Lonny Price (born March 9, 1959) is an American director, actor, and writer, primarily in theatre. He is perhaps best known for his creation of the role of Charley Kringas in the Broadway musical Merrily We Roll Along and for his New York directing work including Sunset Boulevard, Sweeney Todd, Company, and Sondheim! The Birthday Concert.

Biography

Early life and career
Price was born in New York City, the son of Edie L. (Greene), a merchandise manager, and Murray A. Price, a car leasing company owner. Price grew up in Fresh Meadows, New York and Metuchen, New Jersey. He attended the Fiorello H. LaGuardia High School of Performing Arts, and the Juilliard School.

His early career was spent performing in Off-Broadway productions, including Class Enemy in 1979, for which he won a Theater World Award for a stage debut. His first major Broadway credit was the ill-fated Stephen Sondheim/Hal Prince/George Furth musical Merrily We Roll Along (1981), which underwent constant changes during an unusually long preview period and closed after only sixteen performances. His next show, the Athol Fugard play "Master Harold"...and the Boys, in which he portrayed a South African student opposite Danny Glover and Zakes Mokae as the family servants - ran for eight months.

In 1989, he appeared as Jimmy Durante in the musical bio Durante.

Direction
Price made his directorial debut with the Off-Broadway revival of The Education of H*Y*M*A*N K*A*P*L*A*N in 1989 for the American Jewish Theater, followed by The Rothschilds and Juno, both of which received Outer Critics Circle nominations for Best Revival.

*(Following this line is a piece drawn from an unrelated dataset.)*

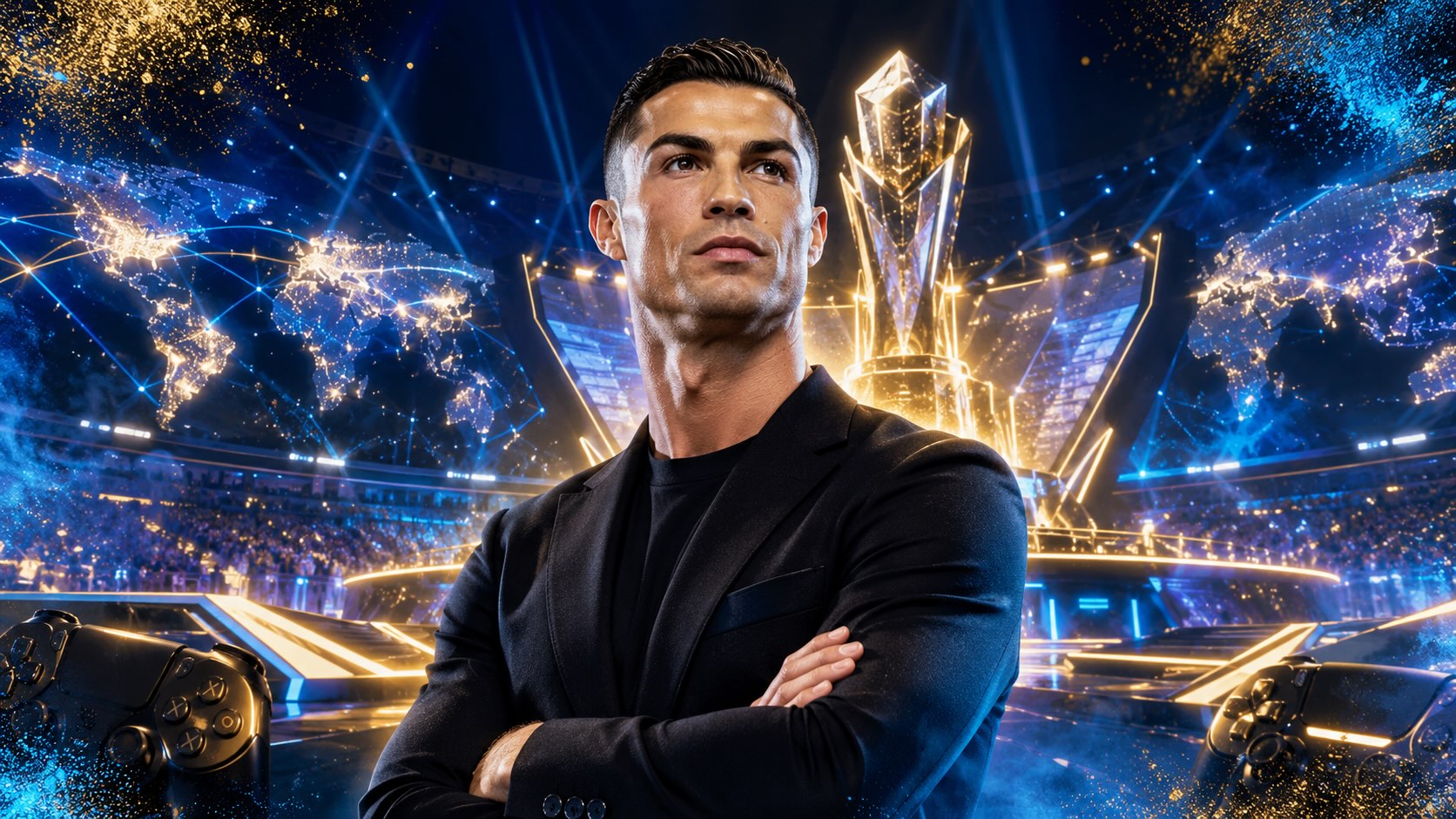 Ronaldo returns as Esports World Cup 2026 global ambassador - news.white.market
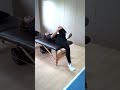 Supine Hip Flexor Stretch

He has directed numerous musical productions, both concert and non-concert, with the New York Philharmonic, which include Stephen Sondheim's Sweeney Todd with Patti LuPone and George Hearn in 2000, for which he won an Emmy Award, Leonard Bernstein's Candide (2004), with Kristin Chenoweth, Sir Thomas Allen, and Patti LuPone, Passion with Patti LuPone and Audra McDonald, for which he also won an Emmy Award, and Camelot with Gabriel Byrne, Marin Mazzie, Christopher Lloyd, and Nathan Gunn, among other productions.

In March 2010, he conceived and directed Sondheim! The Birthday Concert at the New York Philharmonic, celebrating the composer-lyricist's 80th Birthday. The PBS television broadcast was nominated for several Emmy Awards, and Price won for "Outstanding Directing For A Variety, Music Or Comedy Special."

In April 2011 he directed an acclaimed concert production of Sondheim's Company with Neil Patrick Harris, Stephen Colbert, Martha Plimpton, Christina Hendricks, and Patti LuPone, backed by the New York Philharmonic.

In 2013, he again directed Sweeney Todd at the New York Philharmonic, this time starring Emma Thompson and Bryn Terfel. The PBS telecast for Live from Lincoln Center won the Emmy Award for "Outstanding Variety, Music, Or Comedy Special."

He has directed numerous productions at the Chicago Ravinia Festival, including Sweeney Todd, Gypsy, Sunday in the Park With George, Anyone Can Whistle, Passion, and Annie Get Your Gun. Frequent collaborators for his productions include performers Patti LuPone, Audra McDonald, Michael Cerveris, and George Hearn, and musical director and conductor Paul Gemignani.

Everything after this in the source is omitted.